2022/02/27

デジタル大辞泉によれば、兵站へいたんとは、

「戦闘部隊の後方にあって、人員・兵器・食糧などの前送・補給にあたり、また、後方連絡線の確保にあたる活動機能。ロジスティクス。『兵站部』」

 である。


 大昔、戦争に兵站という概念はなかった。昔は戦争と言っても、いまで言えば都市間の争い、少々規模が大きくなっても、現在の日本でいう県規模の勢力間の争いだった。腰に弁当をつけて行けば日帰りで終わる。ある程度長期間に渡る戦争でも、食べている物も食文化も同じなのだ、現地で食料を略奪すれば済む。


 また、昔は移動手段に馬を使っていた。人や荷物、戦争の道具も馬が荷車を引いて運んでいたのだ。馬の餌は飼い葉であり、これも馬を使っている農家に供出させればいい。兵站という概念は必要とされていなかった。


 しかし時代が下ると戦争の規模が変わる。延々と長距離を移動することになれば、そこに農村が存在してくれるとは限らない。略奪したくとも、する相手がいなければどうしようもない。そのためにヨーロッパでは食料や水を積んだ馬車、そして調理人や給仕を戦場に同行させるようになる。


 さらに時代が下ると、戦争の質が変わる。軍隊の近代化が進み、機械化が進む。こうなってくると、食料と水だけでは話にならない。戦場は広大になり、部隊は広範囲に展開する。そこに部隊を運ぶ車両や戦車は燃料で動くのだが、その燃料はどこでも手に入る訳ではない。当然戦闘の始まる前に準備・確保しなければならないし、それを前線まで運ぶ補給部隊を戦闘部隊とは別に用意しなくてはならない。言うまでもなく、その補給部隊を動かすのにも燃料が必要なのだ。


 また、戦闘も刀や槍を振り回す時代ではなくなる。銃や大砲が主流になれば、当然弾薬も補給しなくてはならない。どれだけ兵隊の数に勝っていても、先に弾薬が尽きれば逃げ帰るしかないからだ。
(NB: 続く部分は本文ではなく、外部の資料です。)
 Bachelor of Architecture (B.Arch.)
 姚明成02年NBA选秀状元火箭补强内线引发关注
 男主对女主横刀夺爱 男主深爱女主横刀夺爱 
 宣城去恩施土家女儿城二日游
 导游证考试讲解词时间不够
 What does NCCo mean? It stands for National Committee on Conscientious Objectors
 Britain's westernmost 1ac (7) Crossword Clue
時代が進めば進むほど、戦争が進歩するほど、兵站というものの重要性は増すばかりである。


 さて現在ロシアはウクライナに攻め込んでいる訳だが、虫けらやアメリカなど西側各国政府、そして誰よりロシアのプーチン大統領の予想を上回るウクライナ側の激烈な抵抗で、ロシア軍は思うように前進できていない模様。しかもあちこちから食料や弾薬が尽きたロシア部隊の情報が出て来ている。
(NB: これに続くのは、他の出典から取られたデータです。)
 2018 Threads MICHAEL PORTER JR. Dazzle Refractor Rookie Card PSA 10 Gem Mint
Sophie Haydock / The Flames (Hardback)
 もちろんこれら情報が正確であるかどうかは、日本から判断などできない。ただ常識的に考えて、ロシア軍は電撃戦による短期決戦で勝利するつもりだったはずだ。NATO軍は参戦しないと踏んでいただろうが、それでも西側からウクライナに武器が渡ることは間違いない。時間をかけてじっくり戦えば、それだけウクライナ側が有利になる。ロシア側に何のメリットもないのだ。


 1日2日で戦争が終われば、面倒な兵站も考慮する必要はなくなるし、西側の制裁についても重大な決断をする時間的余裕を与えずに済む。ロシアにとっては良いこと尽くめだ。これならいける、プーチン大統領はそう思ったのかも知れない。だが現実は非情である。ウクライナにとってはもちろんのこと、ロシアにとっても等しく非情だった。


 無論、いまでもロシア軍が絶対的に有利な状況は変わっていない。ロシアはまだウクライナ周辺に展開した戦力の三分の一ほどしか攻め込ませていない。残りの戦力が一斉にウクライナに攻め込めば、あっという間に勝負が決まる可能性はある。ただし、その戦力を維持するにも兵站は必要である。


 どうも現在の展開を見るに、プーチン大統領は兵站を軽視していたように思えてならない。彼の周りにだってブレーンはいるし、その中には軍人もいたはずだ。前線への補給路の確保を重視するよう進言した者がいなかったとは思えない。だが、蓋を開けてみればこの有様だ。それが周囲の問題なのか、プーチン氏個人の問題なのかは不明だが、重大な判断ミスがあったことは間違いないのではないか。


 すでにフランスのマクロン大統領が、戦争の長期化を懸念する発言をしている。傍から見れば、それはもう明らかなのだ。最終的にロシアは戦争には勝てるのかも知れないが、想定以上の甚大な被害を被ることになるだろう。それはロシアという国をこの先、長期的に苦しめるに違いない。トータルで見れば、この戦争に価値などなかった、後世の歴史家はそう言うのではないだろうか。そのことに気づけるだけのマトモな判断力が、プーチン氏に残っていればいいのだけれど。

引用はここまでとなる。